If your kids are just gobbling books, and have already worked their way through Tolkien’s The Hobbit and Lord of the Rings, and Lewis’s Narnia, then what’s next? Here’s a Top 10 list of Christian fantasy novels – some more obviously Christian than others – that they can check out next. Click on the article titles for longer reviews.
10. The Winter King
by Christine Cohen
15-year-old Cora is resourceful, but boy are the odds stacked against her! Her dad is dead, her neighbors all avoid her, thinking she’s cursed, and the village god, the tyrannical Winter King seems to hate her. This beautifully written book is best suited for 15 and up because it has echoes of the Reformation – the “official” church is foe, not friend – that might confuse a younger reader.
9. Wings of Dawn
by Sigmund Brouwer
Thomas is a young boy seeking to win back his castle by using the technologies that might seem like magic in feudal England, but which were in use at that time elsewhere in the world (like gunpowder, or kites).

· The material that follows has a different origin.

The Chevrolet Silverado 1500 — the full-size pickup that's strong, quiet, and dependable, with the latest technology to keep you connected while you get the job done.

8. In the Hall of the Dragon King
by Stephen Lawhead
This is a well-written sword-and-knights story set in another world. Lawhead had some clear Christian undertones to his earlier stories that get lost in his later books, so stick with early Lawhead series like this one.

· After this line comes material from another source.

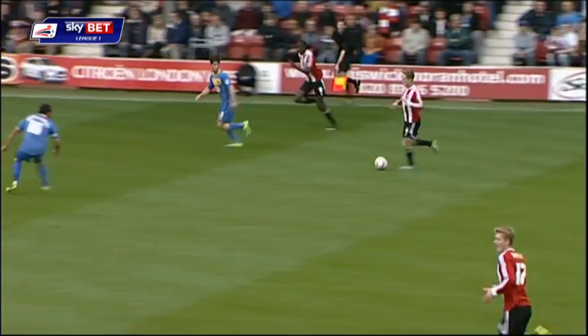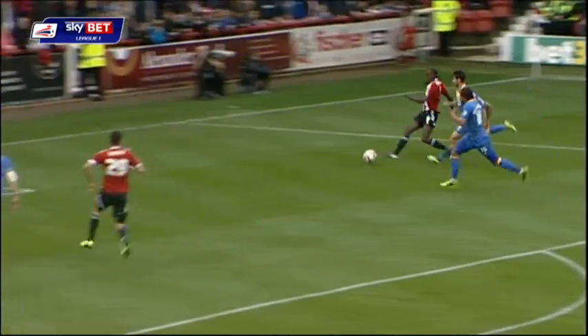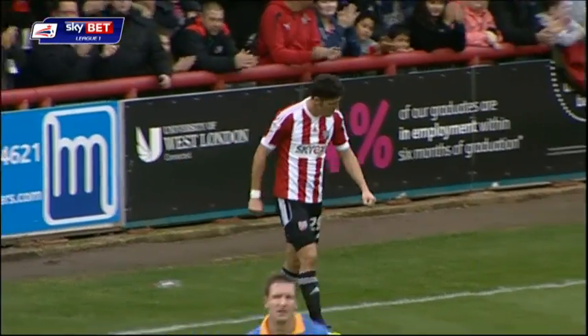Good turn of pace from Adam Foreshaw, stays on his feet as well. Got the overlapping run here from Clayton Donaldson — Trotter! Just over the top. Great flowing move from Brentford.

7. Urchin of the Riding Stars
by M.I. McAllister
Squirrels with swords. Need I say more?
6. The Rise and Fall of Mount Majestic
by Jennifer Trafton
A fun romp, with all sorts of inventive ingredients including:
- Piles of poison-tongued jumping turtles
- A castle built on top of a mountain that rises and falls once each day
- A tyrant twelve-year-old pepper-hoarding king
5. Brave Ollie Possum
by Ethan Nicolle
The author was one of the guys behind Babylon Bee. A kid who is scared of everything can’t get his parents to believe him that there is something on the roof outside his window. But he’s right. Kind of a terrifying premise, but the comic hijinks soon take over, with the scared boy getting turned into a possum, a creature that faints whenever it is scared.
4. Dawn of Wonder
by Jonathan Renshaw
A nephew made me and most of our church read it and no one has regretted doing so. The only downside is that book 2 has been more than 5 years in the waiting. But book 1 is really, really good.
3. The Green Ember
by S.D. Smith
Rabbits with swords! ’Nuff said.
2. Bark of the Bog Owl
by Jonathon Rogers
Loosely and hilariously riffing off the story of David and Saul. But in the American South, if it had castles. It’s been described as a Mark Twain crossed with C.S. Lewis.
1. On the Edge of the Dark Sea of Darkness
by Andrew Peterson
This sat on my bookshelf for more than a year because the author is a well-known and talented musician, so I figured, how can a person so good at music be any good at writing too? I mean, what are the odds? But this is fantastic, rating right up there with Lewis and Tolkien. Three children contending with the Fangs of Dang, lizard creatures that have conquered the land of Skree, and their ruler Gnag the nameless.